Dès le premier poème on est saisi à la fois par la force de vie de l’expatrié, refugié en Suède à l’heure actuelle, et une spiritualité, une croyance qui n’hésite pas à faire de la douleur une forme de recherche du pardon. Par un hasard tout à fait factuel, je voyais il y a peu le film Sebastiane de Derek Jarman. Au-delà de la part plastique et érotique liée au martyre du saint, son supplice inspire beaucoup le cinéaste, qui cherche à expliquer comment souffrir rapproche de Dieu, de ce Dieu qui a lui-même souffert sur la Croix. C’est cette idée centrale qui est commune aux deux œuvres à l’esthétique différente. Ce recueil nous propose ainsi de réfléchir sur les limites de la conscience humaine, à son salut, fût-il mystique, le tout attaché profondément à l’amour de l’âme, l’âme personnelle, l’âme d’un peuple, l’âme d’une famille souffrante au milieu de la guerre :
Toutes mes connaissances sont parties :
Les sonneries des maisons
Les poignées de porte
Les mains qui tiraient
Le rideau du brouillard
Pour louer Dieu
Et la beauté de la lune de Damas
En octobre,
Tous sont partis
Cette déploration chrétienne de la guerre et de ce pays brûlé, si je puis dire, est décrite avec une grande intelligence. La guerre y est présente mais in absentia, évitant ainsi un affreux lyrisme des décombres et des destructions. On trouve peu de sang, juste le bruit que fait la guerre au sein d’une âme déchirée – et nullement ce poids malsain parfois des images que nous donnent les médias avides de sensations, adeptes des chocs.

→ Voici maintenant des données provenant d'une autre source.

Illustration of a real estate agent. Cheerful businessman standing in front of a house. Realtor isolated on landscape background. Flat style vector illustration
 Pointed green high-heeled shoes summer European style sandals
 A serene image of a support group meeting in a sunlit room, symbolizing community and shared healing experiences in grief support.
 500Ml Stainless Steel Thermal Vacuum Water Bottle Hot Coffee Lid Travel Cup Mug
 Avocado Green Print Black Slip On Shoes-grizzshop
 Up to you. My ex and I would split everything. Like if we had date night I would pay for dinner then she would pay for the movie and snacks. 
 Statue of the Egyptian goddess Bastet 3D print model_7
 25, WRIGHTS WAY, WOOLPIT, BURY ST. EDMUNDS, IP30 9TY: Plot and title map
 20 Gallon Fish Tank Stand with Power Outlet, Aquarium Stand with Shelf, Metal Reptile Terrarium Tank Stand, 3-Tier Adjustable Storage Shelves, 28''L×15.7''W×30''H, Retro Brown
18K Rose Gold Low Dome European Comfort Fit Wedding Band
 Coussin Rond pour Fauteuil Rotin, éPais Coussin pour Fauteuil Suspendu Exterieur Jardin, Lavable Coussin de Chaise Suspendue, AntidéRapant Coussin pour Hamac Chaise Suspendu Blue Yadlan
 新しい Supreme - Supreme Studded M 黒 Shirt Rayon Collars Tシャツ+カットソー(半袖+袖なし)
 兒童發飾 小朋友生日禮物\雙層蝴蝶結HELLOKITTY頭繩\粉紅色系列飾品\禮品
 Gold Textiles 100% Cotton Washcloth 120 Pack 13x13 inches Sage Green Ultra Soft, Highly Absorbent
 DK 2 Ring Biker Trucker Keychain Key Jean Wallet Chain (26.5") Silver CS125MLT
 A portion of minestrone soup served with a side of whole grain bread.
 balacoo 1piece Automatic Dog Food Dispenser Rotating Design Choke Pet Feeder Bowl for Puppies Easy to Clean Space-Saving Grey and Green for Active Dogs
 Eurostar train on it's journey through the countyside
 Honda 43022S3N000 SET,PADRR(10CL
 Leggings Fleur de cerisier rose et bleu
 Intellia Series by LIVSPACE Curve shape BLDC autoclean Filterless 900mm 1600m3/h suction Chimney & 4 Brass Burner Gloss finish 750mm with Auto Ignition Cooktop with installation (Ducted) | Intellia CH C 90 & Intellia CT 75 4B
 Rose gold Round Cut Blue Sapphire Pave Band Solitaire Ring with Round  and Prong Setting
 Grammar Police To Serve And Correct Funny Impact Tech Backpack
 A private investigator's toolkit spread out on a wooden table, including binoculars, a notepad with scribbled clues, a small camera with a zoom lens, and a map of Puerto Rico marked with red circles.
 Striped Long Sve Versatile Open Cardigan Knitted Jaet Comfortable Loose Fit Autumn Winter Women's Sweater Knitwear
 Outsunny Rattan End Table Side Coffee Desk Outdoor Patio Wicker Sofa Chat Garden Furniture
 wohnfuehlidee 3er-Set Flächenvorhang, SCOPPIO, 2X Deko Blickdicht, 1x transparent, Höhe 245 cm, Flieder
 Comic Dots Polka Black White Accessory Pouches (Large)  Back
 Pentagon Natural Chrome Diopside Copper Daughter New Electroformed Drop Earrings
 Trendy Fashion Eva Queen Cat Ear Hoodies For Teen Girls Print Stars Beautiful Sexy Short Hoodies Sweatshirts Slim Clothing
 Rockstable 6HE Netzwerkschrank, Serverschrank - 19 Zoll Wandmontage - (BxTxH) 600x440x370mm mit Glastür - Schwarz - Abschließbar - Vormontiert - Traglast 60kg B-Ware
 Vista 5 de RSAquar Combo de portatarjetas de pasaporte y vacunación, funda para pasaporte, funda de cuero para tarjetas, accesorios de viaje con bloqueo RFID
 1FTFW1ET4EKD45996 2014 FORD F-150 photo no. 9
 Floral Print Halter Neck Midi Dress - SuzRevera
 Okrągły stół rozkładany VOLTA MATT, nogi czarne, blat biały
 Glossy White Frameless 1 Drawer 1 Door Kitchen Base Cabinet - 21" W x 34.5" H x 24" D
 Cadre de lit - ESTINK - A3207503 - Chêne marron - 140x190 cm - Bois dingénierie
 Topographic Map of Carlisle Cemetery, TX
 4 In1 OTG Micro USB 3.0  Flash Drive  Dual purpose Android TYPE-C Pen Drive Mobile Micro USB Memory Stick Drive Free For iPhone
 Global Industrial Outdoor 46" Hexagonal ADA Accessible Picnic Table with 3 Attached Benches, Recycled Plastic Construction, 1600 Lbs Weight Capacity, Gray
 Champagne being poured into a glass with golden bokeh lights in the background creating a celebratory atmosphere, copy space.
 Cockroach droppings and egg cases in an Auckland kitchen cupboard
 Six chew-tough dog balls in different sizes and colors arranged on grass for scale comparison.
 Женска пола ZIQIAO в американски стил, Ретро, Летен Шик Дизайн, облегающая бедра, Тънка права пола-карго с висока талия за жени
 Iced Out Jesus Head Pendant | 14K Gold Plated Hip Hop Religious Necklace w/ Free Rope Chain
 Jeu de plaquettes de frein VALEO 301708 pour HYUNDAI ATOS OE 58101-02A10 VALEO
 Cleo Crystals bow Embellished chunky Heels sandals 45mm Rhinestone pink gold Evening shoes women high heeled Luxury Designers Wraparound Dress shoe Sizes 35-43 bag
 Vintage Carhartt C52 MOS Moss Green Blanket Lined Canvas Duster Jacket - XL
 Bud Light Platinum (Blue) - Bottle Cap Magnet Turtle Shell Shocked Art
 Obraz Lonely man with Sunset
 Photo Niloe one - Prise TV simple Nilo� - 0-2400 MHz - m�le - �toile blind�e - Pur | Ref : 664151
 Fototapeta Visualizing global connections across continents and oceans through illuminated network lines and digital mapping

Laisse le voile qui couvre ma tête
Ô chrétien barbu
Et pense à mes lèvres
Et à l’auréole dorée
Qui couronne la tête de Damas,
Dans ce monde
Nous sommes deux Syriens étrangers
Et nos baisers sont
Notre seul messie.
Le livre fait donc état d’une foi qui s’intériorise, d’une foi dans un Messie, messie chrétien à dire vrai, une foi plus généralement dans la puissance de vivre malgré et avec l’exil. On peut aller ainsi sur les travées de la résurrection, une résurrection de la résurrection, comme si nous pouvions revenir nous aussi sur le lac de Tibériade. Et tout cela sans mots superflus, juste au sein d’une sorte de chant dolent, de psaumes profonds et évocateurs. Il reste une impression de lumière triste et de désir rompu, l’image d’un pays sanglant, plein d’hématomes invisibles, un pays livré à une longue pénitence.
Me voici à la fin de cette page d’exploration poétique de ces Rivages oubliés, qui constitue le premier volet autour de l’activité éditoriale des éditions Lanskine, que je reprendrai dès la semaine prochaine dans les colonnes de La Cause, avec un second livre dont j’attends beaucoup.